From where he stood he could see along the length of her gundeck and it was crowded with men. So many, there must be ten to each gun and as many in the tops with their muskets and their swivels. He had doubted Spiridion's figures, wondering how they could cram so many into such a small vessel, but somehow they had, and here they all were, standing by to fire their broadsides or to board. Or both.

And on she came …

Surely Lisle would not risk coming too close for fear of grounding. She would cut across their bows and rake the
Swallow
with her broadside until she struck, or was so knocked about there would be no fight left in her.

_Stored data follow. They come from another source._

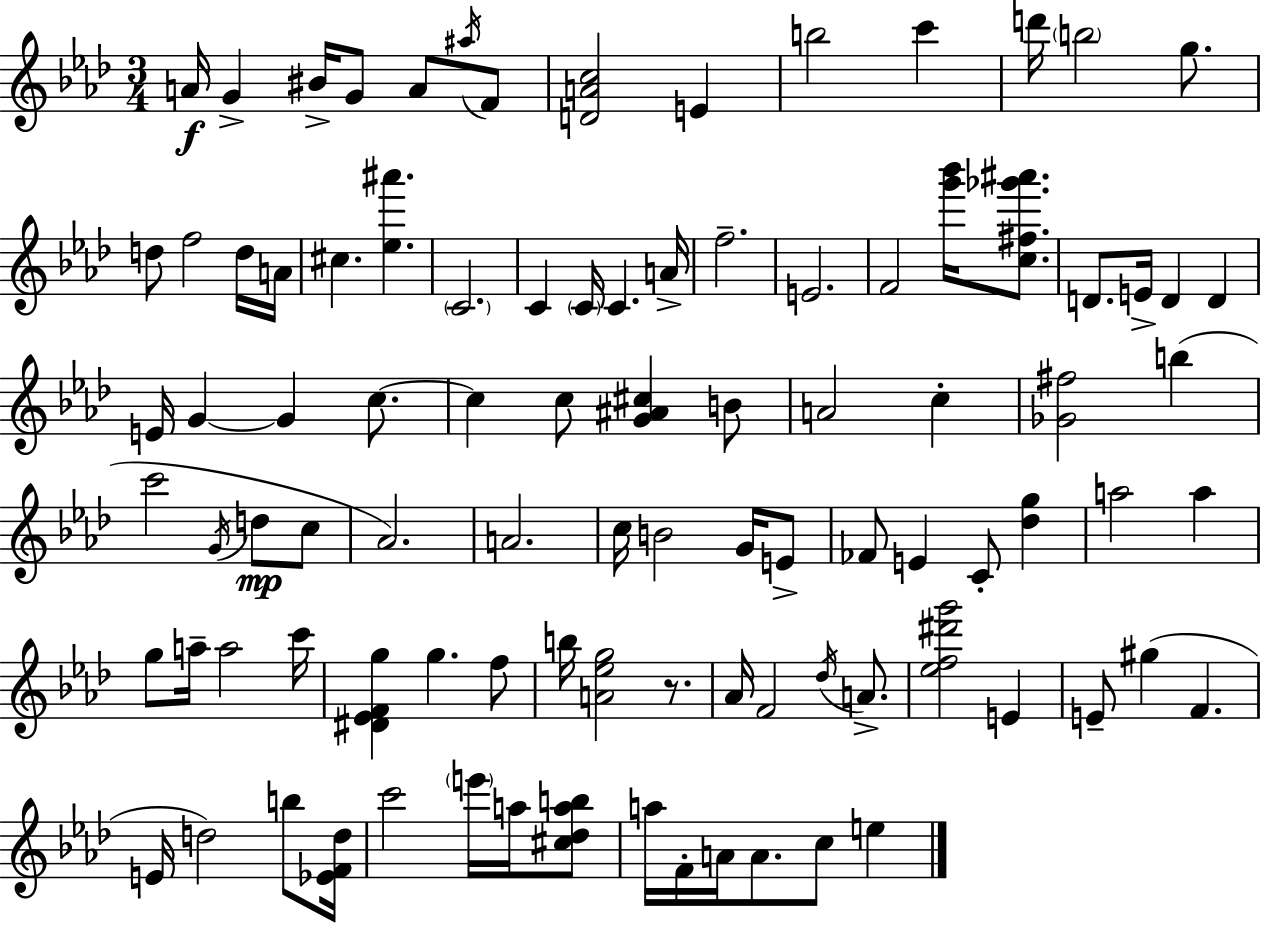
X:1
T:Untitled
M:3/4
L:1/4
K:Fm
A/4 G ^B/4 G/2 A/2 ^a/4 F/2 [DAc]2 E b2 c' d'/4 b2 g/2 d/2 f2 d/4 A/4 ^c [_e^a'] C2 C C/4 C A/4 f2 E2 F2 [g'_b']/4 [c^f_g'^a']/2 D/2 E/4 D D E/4 G G c/2 c c/2 [G^A^c] B/2 A2 c [_G^f]2 b c'2 G/4 d/2 c/2 _A2 A2 c/4 B2 G/4 E/2 _F/2 E C/2 [_dg] a2 a g/2 a/4 a2 c'/4 [^D_EFg] g f/2 b/4 [A_eg]2 z/2 _A/4 F2 _d/4 A/2 [_ef^d'g']2 E E/2 ^g F E/4 d2 b/2 [_EFd]/4 c'2 e'/4 a/4 [^c_dab]/2 a/4 F/4 A/4 A/2 c/2 e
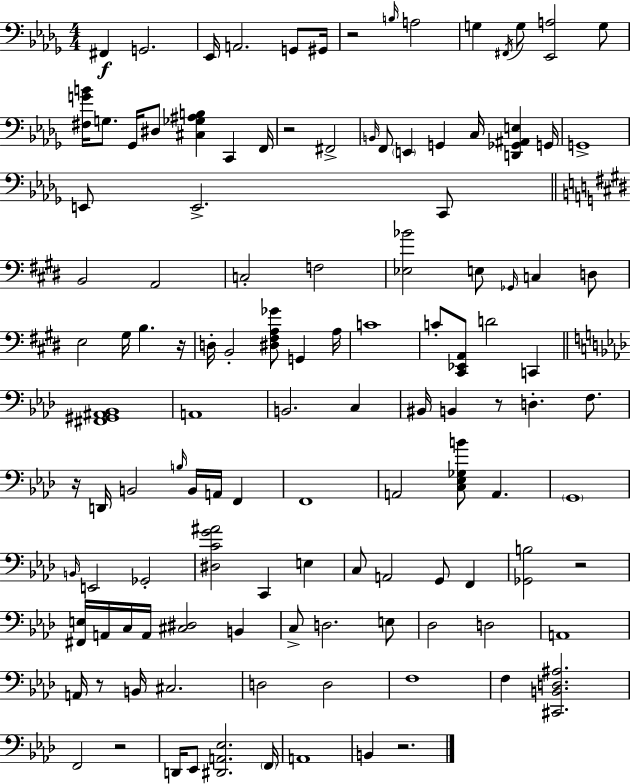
X:1
T:Untitled
M:4/4
L:1/4
K:Bbm
^F,, G,,2 _E,,/4 A,,2 G,,/2 ^G,,/4 z2 B,/4 A,2 G, ^F,,/4 G,/2 [_E,,A,]2 G,/2 [^F,GB]/4 G,/2 _G,,/4 ^D,/2 [^C,_G,^A,B,] C,, F,,/4 z2 ^F,,2 B,,/4 F,,/2 E,, G,, C,/4 [D,,_G,,^A,,E,] G,,/4 G,,4 E,,/2 E,,2 C,,/2 B,,2 A,,2 C,2 F,2 [_E,_B]2 E,/2 _G,,/4 C, D,/2 E,2 ^G,/4 B, z/4 D,/4 B,,2 [^D,^F,A,_G]/2 G,, A,/4 C4 C/2 [^C,,_E,,A,,]/2 D2 C,, [^F,,^G,,^A,,_B,,]4 A,,4 B,,2 C, ^B,,/4 B,, z/2 D, F,/2 z/4 D,,/4 B,,2 B,/4 B,,/4 A,,/4 F,, F,,4 A,,2 [C,_E,_G,B]/2 A,, G,,4 B,,/4 E,,2 _G,,2 [^D,CG^A]2 C,, E, C,/2 A,,2 G,,/2 F,, [_G,,B,]2 z2 [^F,,E,]/4 A,,/4 C,/4 A,,/4 [^C,^D,]2 B,, C,/2 D,2 E,/2 _D,2 D,2 A,,4 A,,/4 z/2 B,,/4 ^C,2 D,2 D,2 F,4 F, [^C,,B,,D,^A,]2 F,,2 z2 D,,/4 _E,,/2 [^D,,A,,_E,]2 F,,/4 A,,4 B,, z2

Nathan waited, with every nerve screaming at him to give the order. But he had to let her come so close there was no turning back: back into the shoals of the bay where he could not follow. Two hundred yards. One hundred … He could see the faces of the gunners at the long nines in her bow. They fired again – at point-blank range now, the long plume of flame almost scorching the
Swallow
's rail. One shot came straight through it, showering the quarter-deck with splinters and striking the 6-pounder on the larboard side, knocking it clean from its mount. Another came so close to Nathan it thrummed the air about his ear, and as he looked round in clownish bemusement, he saw that it had taken off the head of one of the quartermasters behind him, the body still standing upright with the blood spurting from the severed neck, until the knees
buckled and the corpse collapsed onto the deck like a puppet whose strings have been cut.

Nathan looked back at the advancing schooner.

‘Now,'
he said softly – almost resignedly, to Tully.

It had taken them the best part of the day to prepare, hove to in the heat of the midday sun just out of sight of the shore.

‘Just like a keelhauling,' he had said to Tully, as if he did it all the time.

He had seen it done only once, in fact, when he was a midshipman in the South Seas – carried out on a Dutch ship, for it was illegal in the King's Navy. A terrible business, the memory of which had stayed with him for days: the victim tied to a line and dragged under the keel and up the other side, emerging like some nightmare creature of the deep with the skin hanging in shreds from his back, lacerated by the barnacles on the ship's hull.

But it was a lot easier to keelhaul a man than an 18-foot gig.

First they had dropped four cables over the bow, working them aft until they were hanging under the middle of the ship. Then they had hauled the gig up from the stern, tying more lines to the thwarts on both sides and opening the seacock until she filled with water. Then they dragged her under the keel, half the crew pulling on one side, the rest letting out the cables on the other – constructing a false keel that extended their own by a good few feet.

It took them four hours to make it secure. It took less than a minute for the axemen in the waist to cut it free.

Nathan felt the movement instantly as the
Swallow
shed her false keel, and the topsails, instantly loosed from the yard, flapped and filled. He was alive now, all dullness gone, as alive as his ship, rushing to the quarterdeck rail to shout encourage ment to his men as they leaped to their feet and bent over the waiting carronades.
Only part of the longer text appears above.